**Task objective:**
Each line of the listing, apart from the pictures, is to be printed exactly.

**Available data:**
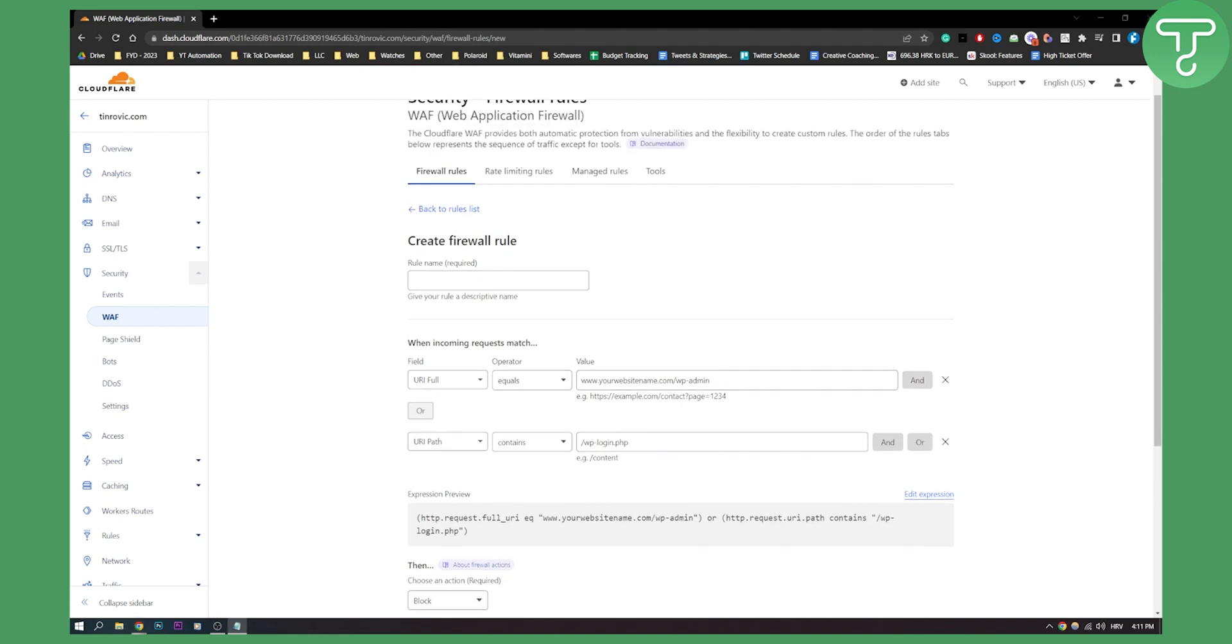That's how to restrict access to WordPress admin area for free. If you have any questions or comments, comment down below and we'll see you in the next video. Thank you guys for watching.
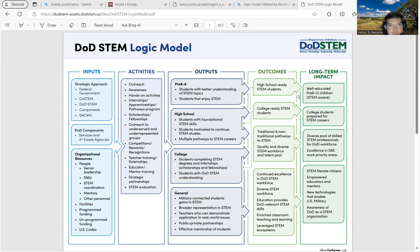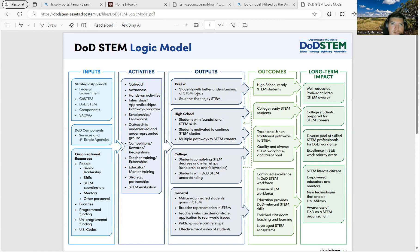This one is called the DOD STEM logic model — DOD being Department of Defense. I think this logic model is very well put together in regards to the inputs, the activities, the outputs, the outcomes, and long-term impact.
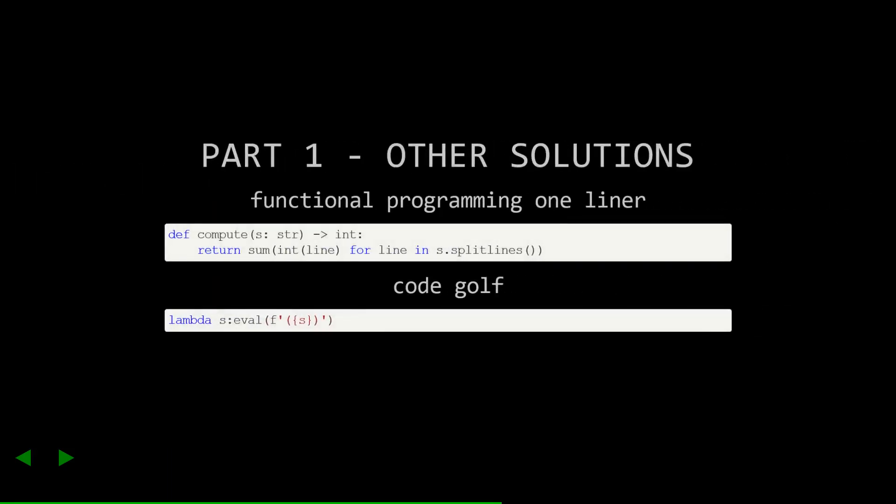I decided to write up two other solutions to the problem, but they're slightly cheekier. The first converts the for loop we had into a comprehension, and then uses sum to accumulate the values. The second is basically cheating. I'm taking the entire input and putting it in parentheses and then calling eval, which evaluates the string as code. Notice also that I put it in a lambda. This is just to make the code as short as possible, which is usually the goal of CodeGolf.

**Solution to this problem:**
That's how to restrict access to WordPress admin area for free. If you have any questions or comments, comment down below and we'll see you in the next video. Thank you guys for watching.
This one is called the DOD STEM logic model — DOD being Department of Defense. I think this logic model is very well put together in regards to the inputs, the activities, the outputs, the outcomes, and long-term impact.
I decided to write up two other solutions to the problem, but they're slightly cheekier. The first converts the for loop we had into a comprehension, and then uses sum to accumulate the values. The second is basically cheating. I'm taking the entire input and putting it in parentheses and then calling eval, which evaluates the string as code. Notice also that I put it in a lambda. This is just to make the code as short as possible, which is usually the goal of CodeGolf.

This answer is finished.